- TASK ITEM: A faithful copy of every entry, with the pictures removed, is what is needed here.

- DATA IN THIS EXERCISE:
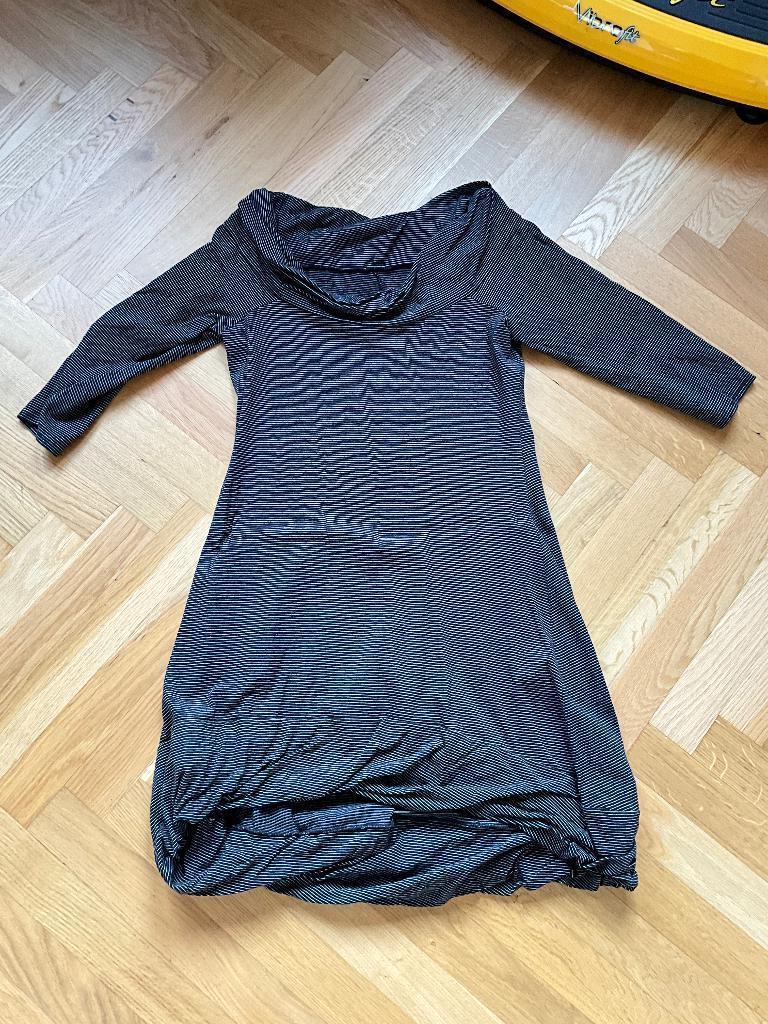 Mooie tuniek Merk Boris Industrie Maat 3 opruiming, Ophalen of Verzenden, Mooie tuniek Merk Boris Industrie Maat 3, Regina, Gedragen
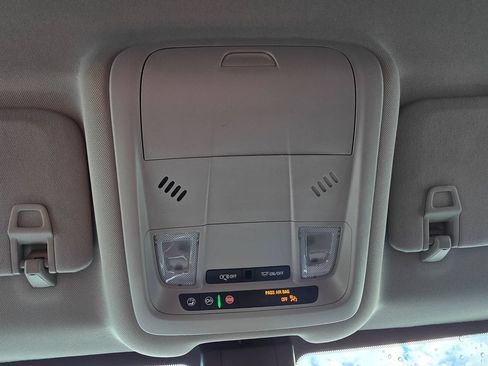 Used 2024 Chevrolet Equinox LT FWD image 25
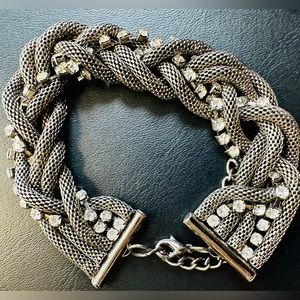 🩶🔥3 for $10🔥Gorgeous Funky Blingy Bracelet! 🩶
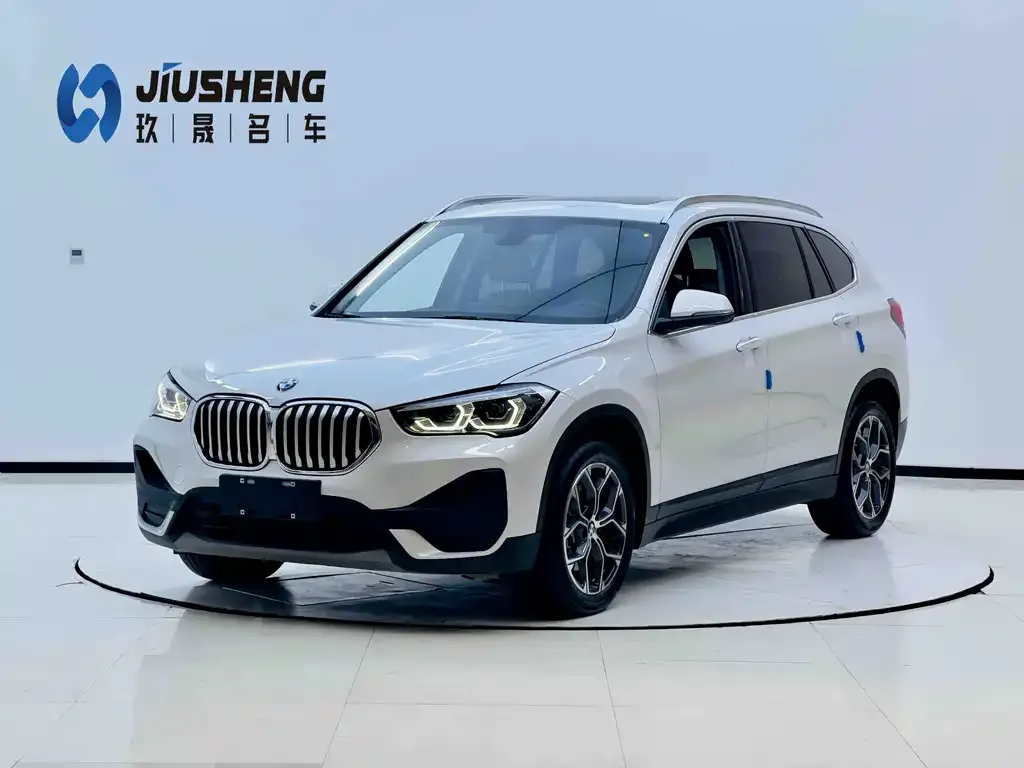 BMW X1 — фото 1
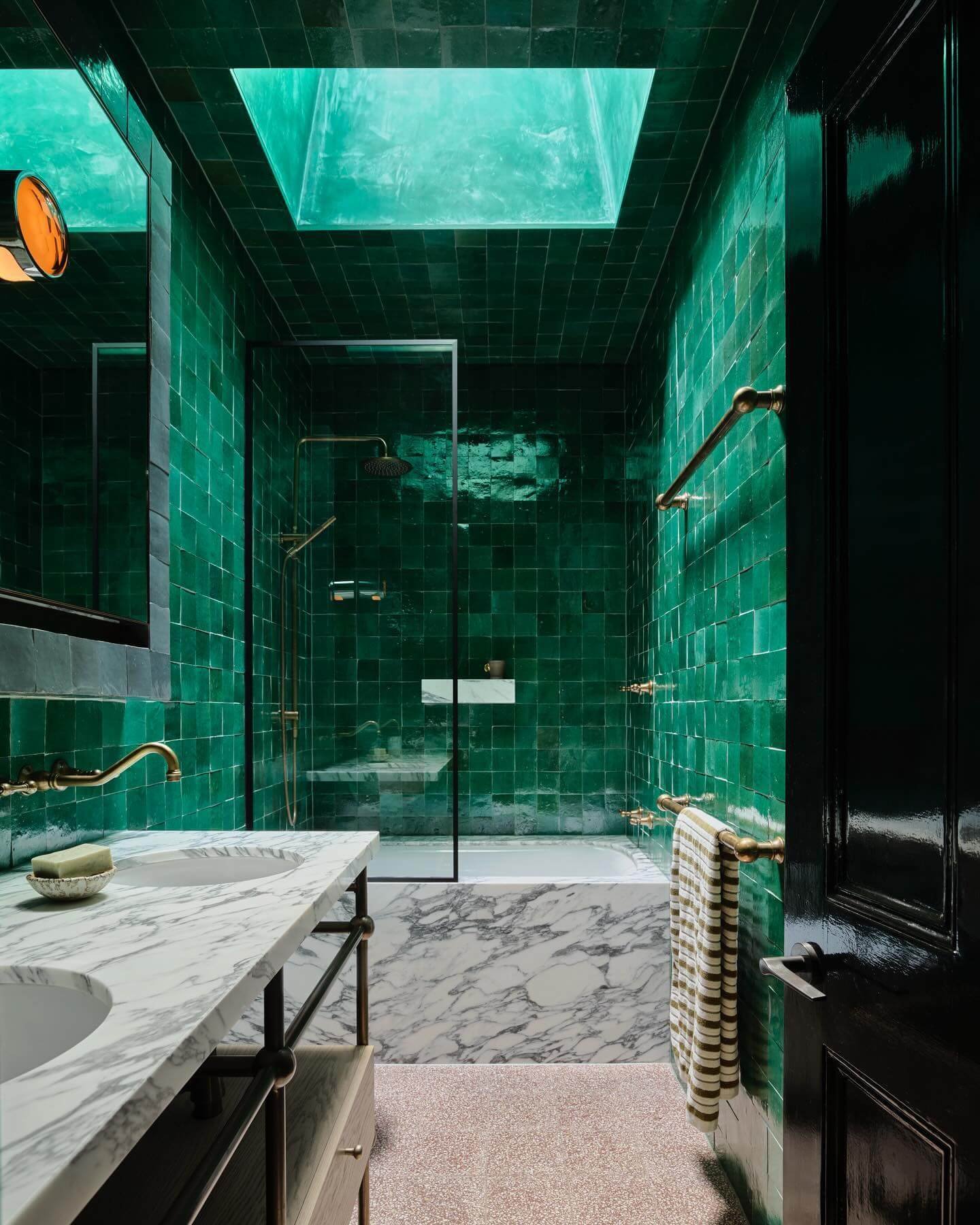 Emerald Green Tile Elegance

- RESPONSE TO THIS EXERCISE:
 Mooie tuniek Merk Boris Industrie Maat 3 opruiming, Ophalen of Verzenden, Mooie tuniek Merk Boris Industrie Maat 3, Regina, Gedragen
 Used 2024 Chevrolet Equinox LT FWD image 25
 🩶🔥3 for $10🔥Gorgeous Funky Blingy Bracelet! 🩶
 BMW X1 — фото 1
 Emerald Green Tile Elegance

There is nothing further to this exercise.